Les jeunes votent peu. À l’exception de l’élection
de 2012 qui s’est déroulée peu de temps après
le printemps érable, le taux de participation
des 18-24 ans diminue d’élection en élection.
On les dit cyniques, désabusés, désintéressés.
Comme ils lisent moins les journaux et regardent
peu les bulletins de nouvelles, ils sont peu au fait
de la campagne électorale. Analyse d’un phénomène.

POURQUOI LES JEUNES
BOUDENT-ILS LES ÉLECTIONS ?

« On a toujours observé un décalage entre les jeunes et les vieux, observe Bernard Fournier, chercheur québécois rattaché à l’Université libre de Bruxelles et auteur de nombreux écrits sur l’engagement politique des jeunes. C’est un peu normal, à cet âge, car ils ne sont pas encore insérés socialement, ils sont en devenir. Ce qui est plus inquiétant depuis quelques années, c’est qu’ils se socialisent dans un climat cynique par rapport à la politique. Or, si un jeune ne vote pas la première fois qu’il le peut, les chances sont plus élevées qu’il ne vote pas aux élections subséquentes. »

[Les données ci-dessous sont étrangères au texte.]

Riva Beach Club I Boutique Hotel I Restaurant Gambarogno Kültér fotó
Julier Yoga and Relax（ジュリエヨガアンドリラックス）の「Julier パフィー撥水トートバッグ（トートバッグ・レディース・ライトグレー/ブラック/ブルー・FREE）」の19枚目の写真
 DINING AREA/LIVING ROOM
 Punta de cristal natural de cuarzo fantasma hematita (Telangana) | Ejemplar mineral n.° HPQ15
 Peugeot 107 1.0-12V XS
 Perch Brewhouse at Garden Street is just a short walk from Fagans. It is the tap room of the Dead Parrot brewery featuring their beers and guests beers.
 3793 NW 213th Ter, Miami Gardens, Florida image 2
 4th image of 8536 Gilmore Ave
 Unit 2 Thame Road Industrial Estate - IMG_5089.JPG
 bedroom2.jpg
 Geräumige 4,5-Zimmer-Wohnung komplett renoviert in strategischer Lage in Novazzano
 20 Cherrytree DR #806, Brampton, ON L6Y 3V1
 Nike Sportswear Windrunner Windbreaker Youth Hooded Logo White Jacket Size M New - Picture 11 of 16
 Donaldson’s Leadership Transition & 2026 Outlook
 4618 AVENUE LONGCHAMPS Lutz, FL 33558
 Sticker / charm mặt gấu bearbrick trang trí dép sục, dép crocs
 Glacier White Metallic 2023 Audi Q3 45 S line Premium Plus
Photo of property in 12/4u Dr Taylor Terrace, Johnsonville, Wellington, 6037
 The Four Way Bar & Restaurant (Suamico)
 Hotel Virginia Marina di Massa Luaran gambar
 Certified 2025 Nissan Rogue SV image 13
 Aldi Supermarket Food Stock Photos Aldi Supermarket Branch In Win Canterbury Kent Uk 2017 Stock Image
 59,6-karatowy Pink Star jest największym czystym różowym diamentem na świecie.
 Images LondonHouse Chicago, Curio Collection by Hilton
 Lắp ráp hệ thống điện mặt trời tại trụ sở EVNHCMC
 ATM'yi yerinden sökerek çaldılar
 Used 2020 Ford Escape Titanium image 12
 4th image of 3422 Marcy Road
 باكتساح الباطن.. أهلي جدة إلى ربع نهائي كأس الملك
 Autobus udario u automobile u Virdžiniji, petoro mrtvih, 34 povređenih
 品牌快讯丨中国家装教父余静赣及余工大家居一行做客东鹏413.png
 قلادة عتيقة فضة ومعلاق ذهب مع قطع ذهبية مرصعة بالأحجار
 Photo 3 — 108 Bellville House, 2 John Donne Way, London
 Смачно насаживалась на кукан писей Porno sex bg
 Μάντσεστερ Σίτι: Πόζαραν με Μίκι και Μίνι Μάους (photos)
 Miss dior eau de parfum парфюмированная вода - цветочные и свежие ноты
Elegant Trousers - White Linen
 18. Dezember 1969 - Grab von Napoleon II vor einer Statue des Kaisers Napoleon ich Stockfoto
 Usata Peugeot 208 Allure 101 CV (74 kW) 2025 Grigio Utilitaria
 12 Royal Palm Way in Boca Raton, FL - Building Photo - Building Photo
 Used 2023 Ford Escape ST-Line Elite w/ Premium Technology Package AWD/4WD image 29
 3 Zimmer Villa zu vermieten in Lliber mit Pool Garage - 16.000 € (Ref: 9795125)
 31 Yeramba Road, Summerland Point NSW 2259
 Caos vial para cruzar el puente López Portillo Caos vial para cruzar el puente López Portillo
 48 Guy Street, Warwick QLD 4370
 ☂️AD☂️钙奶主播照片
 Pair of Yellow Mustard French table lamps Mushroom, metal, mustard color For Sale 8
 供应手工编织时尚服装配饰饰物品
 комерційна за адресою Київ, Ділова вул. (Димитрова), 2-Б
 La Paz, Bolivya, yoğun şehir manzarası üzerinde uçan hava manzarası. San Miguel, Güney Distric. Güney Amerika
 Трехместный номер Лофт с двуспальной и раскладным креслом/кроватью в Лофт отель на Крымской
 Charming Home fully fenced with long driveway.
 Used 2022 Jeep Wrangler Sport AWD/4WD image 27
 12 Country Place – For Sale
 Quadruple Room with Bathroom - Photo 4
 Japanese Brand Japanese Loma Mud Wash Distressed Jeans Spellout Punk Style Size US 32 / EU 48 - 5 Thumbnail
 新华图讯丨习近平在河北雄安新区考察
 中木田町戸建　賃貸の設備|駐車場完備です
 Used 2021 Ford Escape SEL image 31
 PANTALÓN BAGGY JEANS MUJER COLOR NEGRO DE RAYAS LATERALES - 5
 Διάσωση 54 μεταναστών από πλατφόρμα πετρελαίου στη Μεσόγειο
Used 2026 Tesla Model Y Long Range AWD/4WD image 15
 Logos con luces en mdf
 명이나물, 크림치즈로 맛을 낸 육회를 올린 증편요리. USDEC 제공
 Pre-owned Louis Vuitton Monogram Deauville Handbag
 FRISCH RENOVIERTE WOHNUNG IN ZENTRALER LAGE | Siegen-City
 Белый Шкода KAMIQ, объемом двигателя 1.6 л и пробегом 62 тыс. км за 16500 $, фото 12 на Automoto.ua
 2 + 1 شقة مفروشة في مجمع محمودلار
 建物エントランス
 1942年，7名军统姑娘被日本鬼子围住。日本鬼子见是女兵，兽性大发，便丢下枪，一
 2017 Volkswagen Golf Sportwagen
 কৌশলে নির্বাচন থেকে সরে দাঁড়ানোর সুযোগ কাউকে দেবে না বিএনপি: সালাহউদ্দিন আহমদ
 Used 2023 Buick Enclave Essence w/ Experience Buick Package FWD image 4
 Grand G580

« Est-ce parce que les politiciens ont moins de panache qu’autrefois ? », se demande Philippe Bernier Arcand, essayiste et auteur du livre Je vote moi non plus, publié en 2009, qui tentait de comprendre le désintérêt de la population face à la politique. Selon lui, « les efforts des politiciens pour se rapprocher des jeunes – aller dans les talk-shows, participer à une émission humoristique comme l’a fait Barack Obama la semaine dernière – ne les rendent pas plus cool. Ils contribuent plutôt à entretenir le cynisme chez les jeunes. »

« C’est vrai que le cynisme face à la politique est notre principal obstacle, confirme Léo Bureau-Blouin, le plus jeune député à l’Assemblé nationale, candidat dans Laval-des-Rapides et responsable du dossier jeunesse au PQ. Moi je crois que pour intéresser les jeunes, il faut leur parler de choses concrètes, montrer ce que la politique change dans nos vies. »

« Il n’y a pas de formule magique, affirme Bernard Fournier. Si on veut que les jeunes s’intéressent à la politique, il faut que la politique s’intéresse à eux sans cynisme. Or, les partis nous parlent de ce qu’ils ne pourront pas faire par manque d’argent plutôt que de parler de projets et d’avenir. »

COMMENT REJOINDRE LES JEUNES ?

Toutes les études le disent, les 18-24 ans ont délaissé l’écoute de la télévision et la lecture des journaux. Ils préfèrent le web qu’ils ne visitent toutefois pas beaucoup pour s’informer. La meilleure façon de parler politique aux jeunes, c’est d’aller sur le terrain. Sur ce point, tout le monde s’entend. 

« Quand tu rencontres quelqu’un à la cafétéria, tu ne peux pas te défiler. On répond à leurs questions, on discute. »

— Léo Bureau-Blouin qui fait
le tour des cégeps et des universités
à la rencontre des étudiants

Quand La Presse lui a parlé vendredi dernier, il s’apprêtait à aller faire la tournée des bars de Laval. « C’est certain qu’on ne peut pas avoir de longues discussions mais c’est plus décontracté, on se présente, on parle avec les gens. »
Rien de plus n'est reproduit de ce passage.